NOTE: The ANONYMOUS, AUTHENTICATED and ADMIN roles can not be restricted to a realm, but always apply site-wide.
The realm for each role assignment can be chosen from the "For Entity" list:
In this list there is also an entry for All Entities which means that this role assignment is not restricted to a realm, but applies site-wide (=for all records regardless of their respective owner entity).
The entry Default Realm means all entities the user is (or will be) an organisation unit of at the time of the request authorization.
NOTE: The "Default Realm" setting can be dangerous and may be inappropriate for most multi-tenancy settings, because the user would automatically receive this role for any entity they will ever join in future - without that entity being anyhow in control of this. However, in certain deployments, this dynamic realm may still be convenient practice.
In policies 7 and 8, realms follow the OU hierarchy. That is, the realm of an entity includes all the realms of all organization units (OU) of this entity.
OrgAuth policy 8 additionally allows the delegation of access rights for a realm to other entities (rather than to particular users), thus facilitating controlled data sharing at the organization level.
|Policy||Role assignments are restricted to|
|6||the realm of a person entity|
|7||the realm of a person entity including the realms of any of its organisation units|
|8||the realm of a person entity including the realms of any of its organisation units + delegated realms|
Realm Association of Records
The "owned_by_entity" field - if present in the table - gets automatically populated in CRUD and Imports, using the auth.set_record_owner method. This method can be influenced by the owner_entity table hook:
s3db.configure(tablename, owner_entity = function_or_lambda)
The hook function must accept
(table, row) as parameters, and return the pe_id (Person Entity ID) of the owner entity.
It is possible to set a global default for the owner_entity hook in the config.py of the respective template:
settings.auth.owner_entity = function
NOTE: the global owner_entity setting overrides any table-specific setting (this is deliberate), i.e. to retain a table specific setting, you must repeat it in the global hook function.
Extended Restriction of Access
Any role of a user is always only applied to the realms the role is restricted to.
That is, the user can exercise permissions of role X only on the records of the entity he has this role for. E.g. a user who is "HR Manager" for OrgA can exercise the "HR Manager" permissions only on records "owned" by OrgA.
If there is no restriction in the role assignment (for_pe=0), then the role applies for all records regardless of their owner entity (=site-wide role).
The AUTHENTICATED, ANONYMOUS and ADMIN roles can not be restricted to realms, i.e. the permissions of these roles always apply for all records.
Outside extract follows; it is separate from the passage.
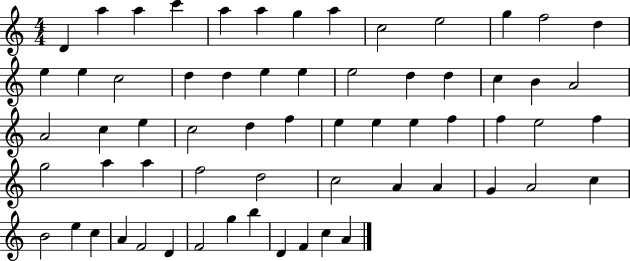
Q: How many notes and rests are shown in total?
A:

NOTE: It is possible to define a dynamic realm in a role assignment (for_pe=None). This dynamic realm is the realm of all entities the user is directly affiliated with at the time of the request. This practice can though be dangerous and may be inappropriate for most multi-tenancy settings, because the user would automatically receive this role for any entity they will ever join in future - without that entity being anyhow in control of this. However, in certain deployments, this may still be convenient.
Delegations of Permissions
A person entity can allow another entity to access records within their realm with the permissions of a certain user role. This is called "delegation".
All users which are affiliated with the other entity (or any of its organisation units) can then exercise the permissions of the delegated role on the realm of the delegating entity provided they would have the same permissions for the realm of the other entity.
- if OrgA allows OrgB to access their realm with the "HR Editor" role, then all users affiliated with OrgB are permitted to edit human resource records of OrgA if they are permitted to edit human resource records for OrgB.
NOTE: Delegations are not personal. If a user is no longer affiliated with the receiving entity, they can not receive permissions out of the delegations to this entity anymore - and vice versa. For personal delegations, it is better to use a direct role assignment for the realm of the delegating entity.